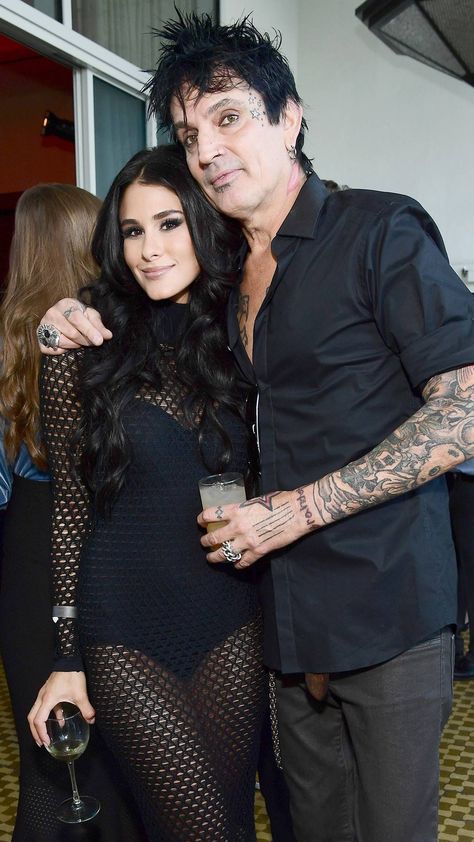 Tommy Lee & Brittany Furlan from 2019 Celebrity Weddings  The legendary musician tied the knot with the Vine star on Valentine's Day. Tommy Lee Motley Crue, Brittany Furlan, Floral Wedding Bands, Heather Locklear, 80s Hair Bands, Fake Wedding, Tommy Lee, Beverly Hilton, Mtv Videos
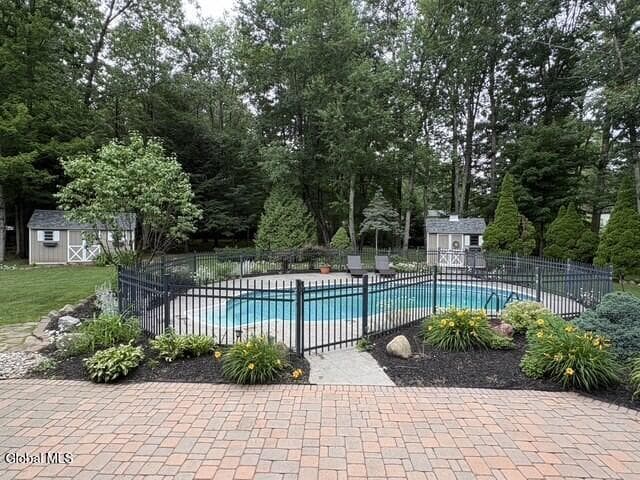 39 Brookside Drive, Saratoga Springs, NY, photo 5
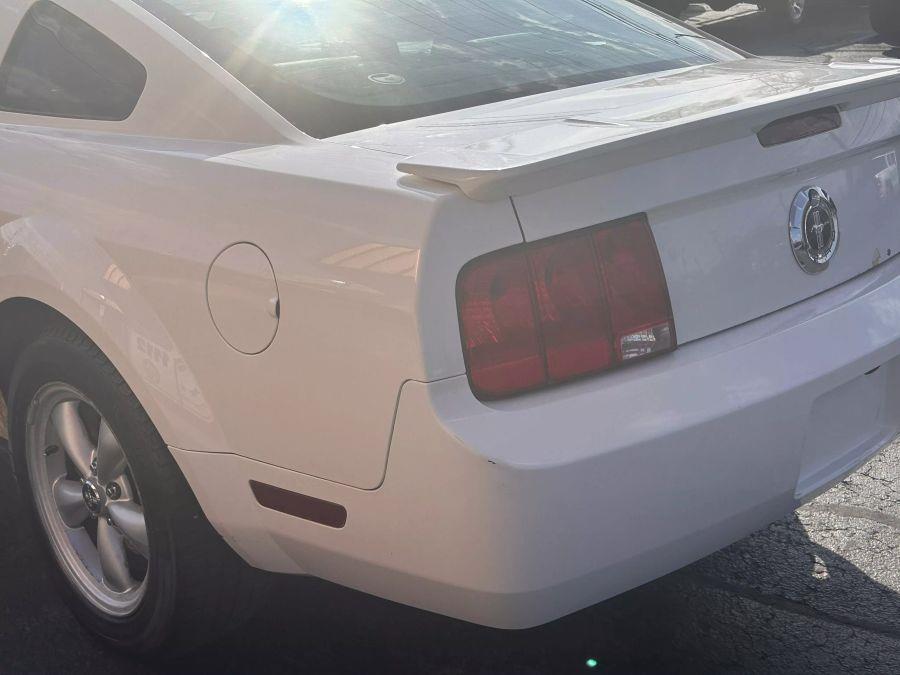 2007 Ford Mustang V6 Deluxe photo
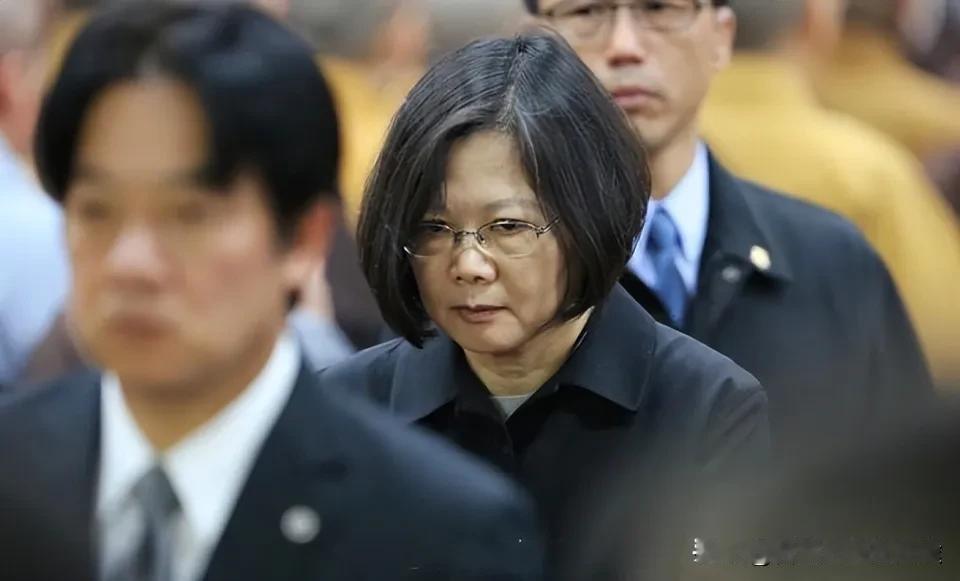 民进党“大罢免”惨败：赖清德踢到铁板，民意反噬！7月26日，台湾“大罢免”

» Problem to solve
If pictures appear, drop them, and retype exactly the lines from the "39 Brookside Drive, Saratoga" line through the last line of the data above.

» Result for this task
 39 Brookside Drive, Saratoga Springs, NY, photo 5
 2007 Ford Mustang V6 Deluxe photo
 民进党“大罢免”惨败：赖清德踢到铁板，民意反噬！7月26日，台湾“大罢免”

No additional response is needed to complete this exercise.